Oil companies have been drilling and completing horizontal wells for over a decade. Many of these wells include long horizontal carbonate pay sections that require acid stimulation treatments to produce commercial rates.

Acid fracturing is a common method of well stimulation in which acid, typically hydrochloric acid, is injected into a reservoir with sufficient pressure to either fracture the formation or open existing natural fractures. Portions of the fracture face are dissolved by the acid flowing through the fracture. Effectiveness of the stimulation is determined by the length of the fracture which is influenced by the volume of acid used, its reaction rates, and the acid fluid loss from the fracture into the formation.

These horizontal wells typically require pre-drilled holes in the liners to facilitate fluid interval stimulation. The acid or simulation fluid needs to be diverted away from the holes after the interval is treated to additional sections that are intended to be treated.

Some wells are completed by spacing out pre-drilled holes along the un-cemented liner section. Effective placement of the acid treatment along the long horizontal section is operationally challenging. Currently, ball sealers along with the limited-entry perforating technique are used to divert the stimulation fluids. Conventional means of increasing stimulation interval coverage include dividing the lateral into smaller sections through use of bridge plugs and packers which increases completion cost and mechanical complexity.

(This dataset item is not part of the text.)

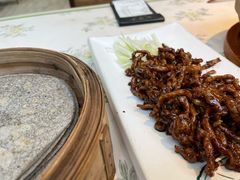 酱肉丝配卷饼-云海肴·汽锅鸡·云南菜(高德置地店)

One common prior art completion technique is often referred to as the open hole “Sprinkler System.” The system consists of running a pre-perforated, un-cemented liner in open hole and stimulating down the casing at the highest rate possible while remaining within the pressure ratings of the casing. Acid diversion along the entire lateral length is achieved by a combination of limited entry perforating, high injection rates and the use of ball sealers to plug off a portion of existing perforations and divert flow through other perforations. This technique is limited by the inability to select which perforations the ball sealers will seal. Subsequent production logs such as, radioactive tracer and temperature logs indicate that the entire lateral may only be partially treated with this technique with questionable true fracture extension away from the wellbore. This can present a challenge in maximizing recovery in a reservoir.

A method to improve the fracture geometry involves reducing the length of the lateral being treated while maintaining similar injection rates. This can be achieved by drilling shorter laterals or by dividing a long lateral into several sections and treating each independently. Treating smaller lateral sections effectively increases the rate per foot of reservoir being stimulated and can significantly increase the fracture geometry and improve ultimate performance. While drilling shorter laterals typically improves stimulation performance, it also typically increases costs as additional wells may be required to effectively deplete the reservoir. Therefore, segmenting longer laterals for stimulation purposes is a logical next step.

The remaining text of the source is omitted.